Revision as of 02:34, 20 June 2022

O who will show me those delights on high?
Echo. I.
Thou Echo, thou art mortal, all men know.
Echo. No.

—George Herbert (1593-1633), "Heaven"

Echoes can be fun in real life. You shout into a cave, and hear the sound back. This happens due to sound waves bouncing off solid objects.

In fiction, echoes are not just there to demonstrate the power of sound. Someone asks a question. A voice answers—but not in its own words, just repeating the last few words of the first person's question. This is the Answering Echo.

Sometimes in musicals this can be played for dramatic effect. It can also be used to set atmosphere or tone in a scene.

Examples of Answering Echo include:

Film

  • The My Little Pony movie had a song done entirely like this between Baby Lickety Split, who was bemoaning her troubles at a well, and Flutter Pony Morning Glory, who was trapped inside.

No one's in a fix like I am (I am)
No one has the luck I do (I do)
No one's had the set backs I have (I have)
Look where life has led me to (Me too!)

  • Played with in Frozen II, with the mysterious voice that Elsa hears throughout the movie, particularly during the song "Into The Unknown". She hears it before saying anything, but it does seem to respond when she begins to call out to the world at large.

Literature

  • Echos from the Boogiepop novel can only communicate like this.
  • In the Serendipity Books series of children's picture books, there's a story of a short-tempered baby elephant who mistakes echoes for a person and gets in a pointless argument with them.[context?]

Music

  • The aria "Treues Echo dieser Orten" from J.S. Bach's secular cantata Hercules auf dem Scheidewege. Much of the music of this cantata, including this aria, was adapted into the fourth part of the Christmas Oratorio.[context?]

Mythology

Theatre

  • The Inquisition in Bernstein's Candide delivers its judgments this way.

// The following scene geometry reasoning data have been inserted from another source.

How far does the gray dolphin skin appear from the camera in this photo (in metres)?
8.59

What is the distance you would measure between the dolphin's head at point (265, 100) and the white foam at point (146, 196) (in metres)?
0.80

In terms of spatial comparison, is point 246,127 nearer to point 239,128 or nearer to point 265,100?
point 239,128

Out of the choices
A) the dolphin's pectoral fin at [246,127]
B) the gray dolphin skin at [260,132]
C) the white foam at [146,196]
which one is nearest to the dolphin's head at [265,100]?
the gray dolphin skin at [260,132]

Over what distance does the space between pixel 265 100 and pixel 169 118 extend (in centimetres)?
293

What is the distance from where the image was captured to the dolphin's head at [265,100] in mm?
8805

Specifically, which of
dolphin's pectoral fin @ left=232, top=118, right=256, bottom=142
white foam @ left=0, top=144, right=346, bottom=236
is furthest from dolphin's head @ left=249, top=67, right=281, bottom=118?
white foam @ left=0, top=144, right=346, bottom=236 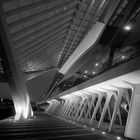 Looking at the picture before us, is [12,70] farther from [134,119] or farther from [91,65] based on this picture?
[91,65]

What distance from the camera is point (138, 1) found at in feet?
32.6

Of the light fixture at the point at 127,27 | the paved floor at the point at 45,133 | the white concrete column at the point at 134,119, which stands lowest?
the paved floor at the point at 45,133

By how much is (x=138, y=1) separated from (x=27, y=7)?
6.85 meters

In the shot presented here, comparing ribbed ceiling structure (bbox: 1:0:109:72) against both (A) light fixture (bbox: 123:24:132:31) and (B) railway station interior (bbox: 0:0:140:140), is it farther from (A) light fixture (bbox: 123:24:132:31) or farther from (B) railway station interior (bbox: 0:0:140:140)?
(A) light fixture (bbox: 123:24:132:31)

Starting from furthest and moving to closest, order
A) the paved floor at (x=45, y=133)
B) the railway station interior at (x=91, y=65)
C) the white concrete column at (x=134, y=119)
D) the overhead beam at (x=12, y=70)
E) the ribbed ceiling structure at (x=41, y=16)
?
the ribbed ceiling structure at (x=41, y=16) → the overhead beam at (x=12, y=70) → the railway station interior at (x=91, y=65) → the paved floor at (x=45, y=133) → the white concrete column at (x=134, y=119)

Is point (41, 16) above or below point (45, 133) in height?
above

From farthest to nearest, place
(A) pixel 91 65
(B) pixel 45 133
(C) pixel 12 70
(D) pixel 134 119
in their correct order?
(A) pixel 91 65 → (C) pixel 12 70 → (B) pixel 45 133 → (D) pixel 134 119

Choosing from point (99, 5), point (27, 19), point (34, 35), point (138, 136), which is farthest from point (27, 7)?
point (138, 136)

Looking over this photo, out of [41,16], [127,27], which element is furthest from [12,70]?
[127,27]

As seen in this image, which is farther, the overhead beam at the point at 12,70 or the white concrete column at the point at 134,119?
the overhead beam at the point at 12,70

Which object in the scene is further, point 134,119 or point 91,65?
point 91,65

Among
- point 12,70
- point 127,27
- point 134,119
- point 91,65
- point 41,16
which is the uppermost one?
point 41,16

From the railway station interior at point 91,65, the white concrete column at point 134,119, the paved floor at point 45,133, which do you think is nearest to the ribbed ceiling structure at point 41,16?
the railway station interior at point 91,65

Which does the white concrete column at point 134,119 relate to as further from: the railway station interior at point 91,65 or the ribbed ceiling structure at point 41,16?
the ribbed ceiling structure at point 41,16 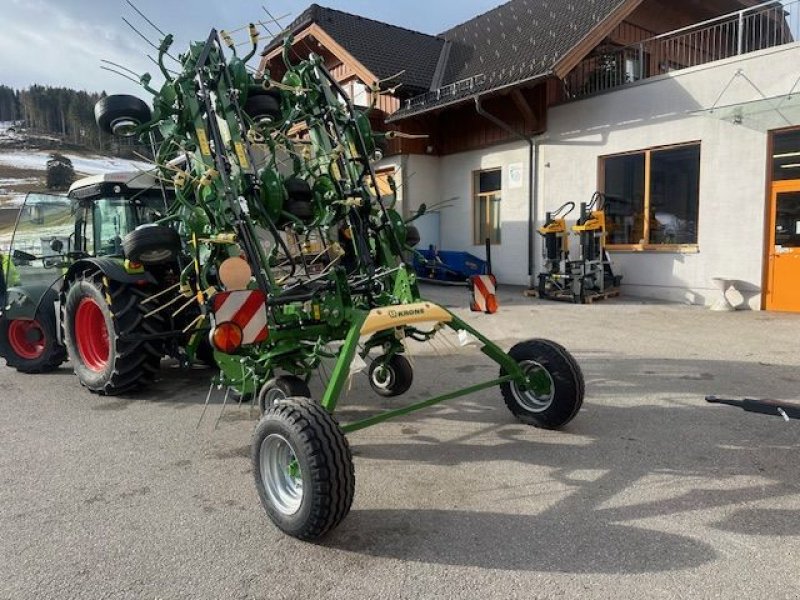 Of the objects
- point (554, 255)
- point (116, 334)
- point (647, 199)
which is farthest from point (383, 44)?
point (116, 334)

Three Inquisitors: Are our methods legal or illegal?
Basses: Legal!
Three Inquisitors: Are we judges of the law, or laymen?
Basses: Amen.
Three Inquisitors: Shall we hang them or forget them?
Basses: Get them!

  • In The Golden Apple, after Ulysses has lost all of his friends, he questions himself about love, faith, hope and dreams. Mother Hare and the chorus echo his words as somewhere in space they hang suspended.